Anders Leonard Zorn

Anders Leonard Zorn

1860 - 1920

Anders Leonard Zorn (18 February 1860 – 22 August 1920) was one of Sweden’s foremost artists. He obtained international success as a painter, sculptor and printmaker in etching.

Zorn was born and raised on his grandparents' farm in Yvraden, a hamlet near the village of Utmeland in the parish of Mora, Dalarna. He studied until the age of twelve in the school at Mora Strand before progressing in the autumn of 1872 to a secondary grammar school in Enköping.

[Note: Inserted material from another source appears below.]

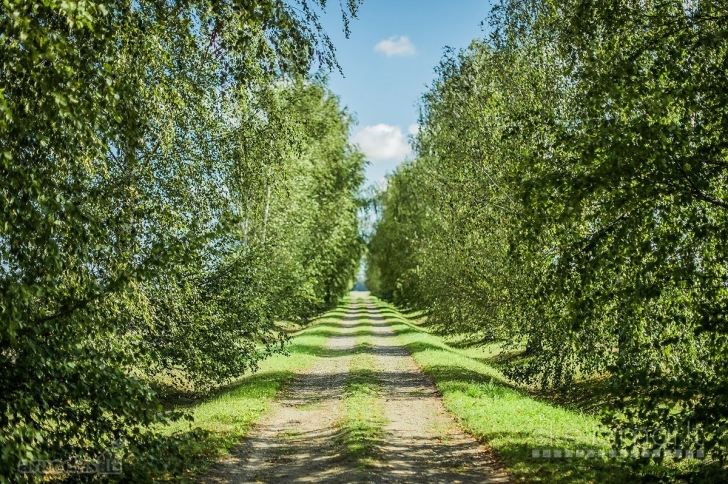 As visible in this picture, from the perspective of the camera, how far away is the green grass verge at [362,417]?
1115 cm

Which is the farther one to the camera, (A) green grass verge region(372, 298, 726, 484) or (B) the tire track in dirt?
(B) the tire track in dirt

From 1875 to 1880 Zorn studied at the Royal Swedish Academy of Arts in Stockholm, where he amazed his teachers with his talent. Members of Stockholm society approached him with commissions. This was how Zorn met his wife, Emma Lamm, early in 1881. Her background was different from Zorn's. Coming from a wealthy family, she was interested in art and culture. Zorn traveled extensively to London, Paris, the Balkans, Spain, Italy and the United States, becoming an international success as one of the most acclaimed painters of his era. It was primarily his skill as a portrait painter that gained Zorn international acclaim based principally upon his incisive ability to depict the individual character of his model. His subjects included three American Presidents, one of whom was Grover Cleveland in 1899, as well as his wife, along with William H. Taft and Theodore Roosevelt. At 29, he was made a Chevalier de la Légion d'honneur at the Exposition Universelle 1889 Paris World Fair.